Clearly, ZFC interprets Robinson arithmetic. I presume one can now deduce that there is no truth predicate in (the standard model $$M$$, say, of) ZF simply since any such a predicate would also tell the truth about what happens in $$(\overline{\omega})^M$$ (which should be just $$\omega$$ by absoluteness?). There is also the General Undefinability Theorem (which is mentioned on the wikipedia page), which I believe settles the matter; please correct me if I'm wrong here.

Now, suppose we have a model $$M$$ of ZFC, and an extension $$N$$ (maybe via forcing, or even an end-extension).
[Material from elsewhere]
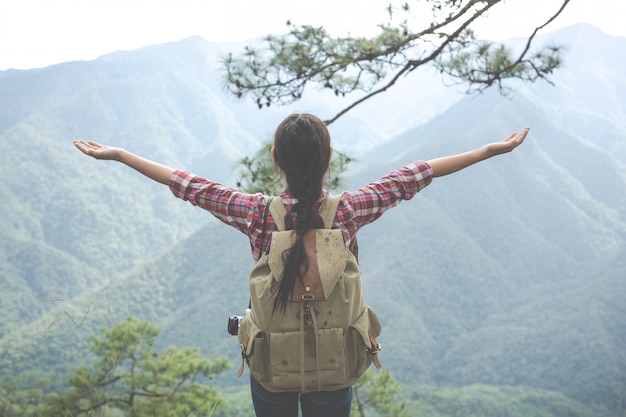 La jeune femme étendit ses bras au sommet de la colline dans une forêt tropicale avec des sacs à dos dans la forêt. Aventure, Randonnée.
Is it possible that $$N$$ can define a truth predicate for $$M$$?

Of course.

If $$M$$ is a set in $$N$$ (with the relation $$\in_M$$, of course), then $$N$$ knows the truth predicate of $$M$$. This is the usual definition of the satisfaction relation. It might be, however, that $$N$$ disagrees with the universe on what is FOL or what are the axioms of $$\sf ZFC$$, so the truth might be somewhat askew.

But we can blow your mind even further. Say that $$\kappa$$ is inaccessible. Then $$V_\kappa$$ is a model of $$\sf ZFC$$. But it contains all the reals. Include the real which defines, via the suitable coding, the truth of $$V_\kappa$$. Even more is true, if $$M\prec V_\kappa$$ is a countable elementary submodel, then $$M\in V_\kappa$$. So $$V_\kappa$$ knows all of its small elementary submodels, and their truth predicates (with parameters, this time!), which is truly confusing, since they are all elementarily equivalent to $$V_\kappa$$.
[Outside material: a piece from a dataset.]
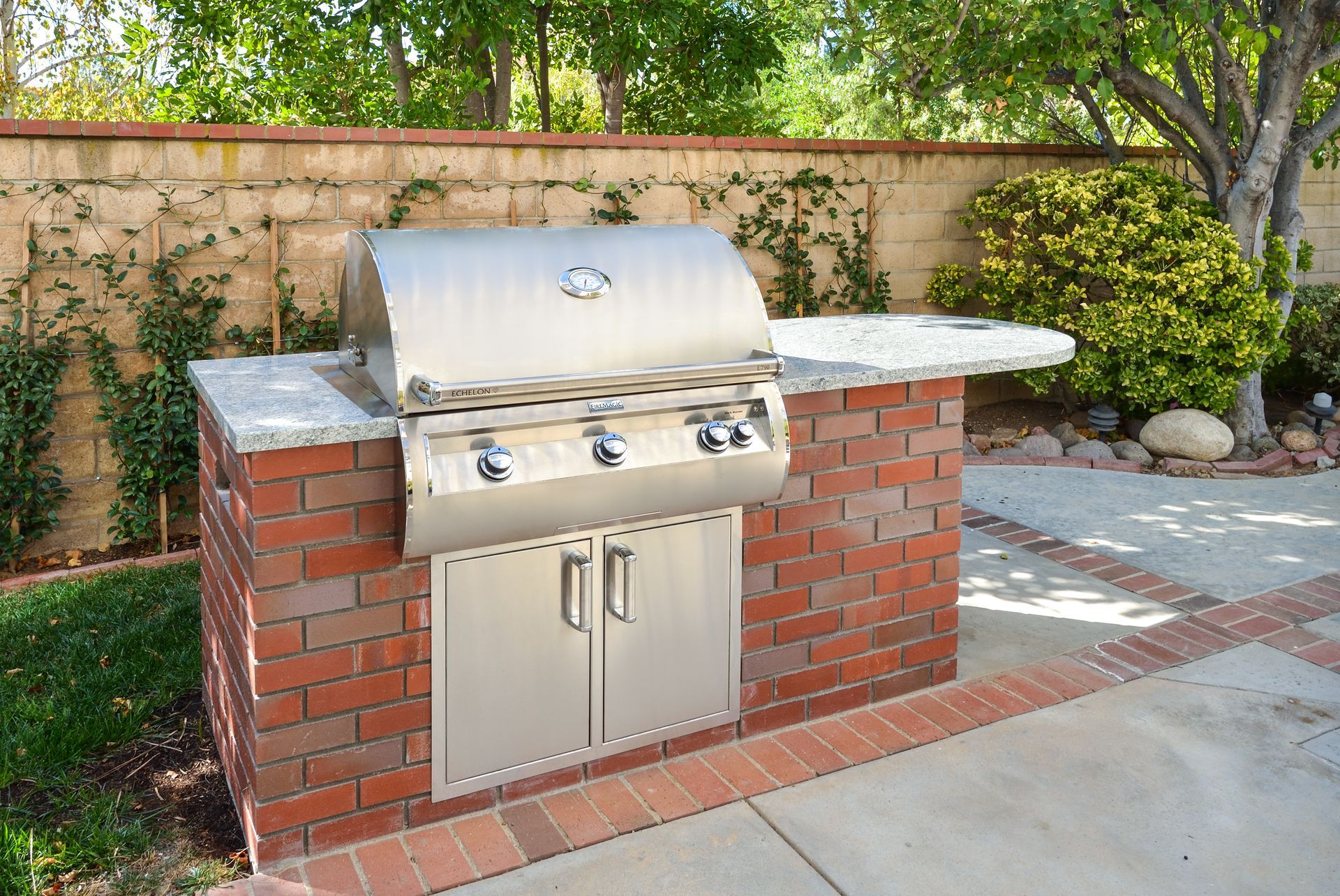 image shows a stainless steel  Barbeque encased in red brick,  Backyard bbq addition, Oak Park, CA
Nevertheless, the thing about Tarski's theorem is that the truth predicate is that you cannot identify the truth predicate internally using first-order logic. It doesn't mean that the truth doesn't exist. And it certainly doesn't mean that it doesn't exist in a larger universe.

It just states that a model of a theory that can reason about truth, cannot reason about its own truth.

As Noah remarks, a forcing extension will not be able to compute a truth predicate of the ground model, since forcing extensions are in a deep sense "very close" to their grounds. Also, not every end-extension could either, since it might be that the original model is not a set in its end-extension (e.g., if the end-extension is not well-founded, and the well-founded part is $$M$$, then the extended model will not be able to identify $$M$$ as a set. We can only do that externally).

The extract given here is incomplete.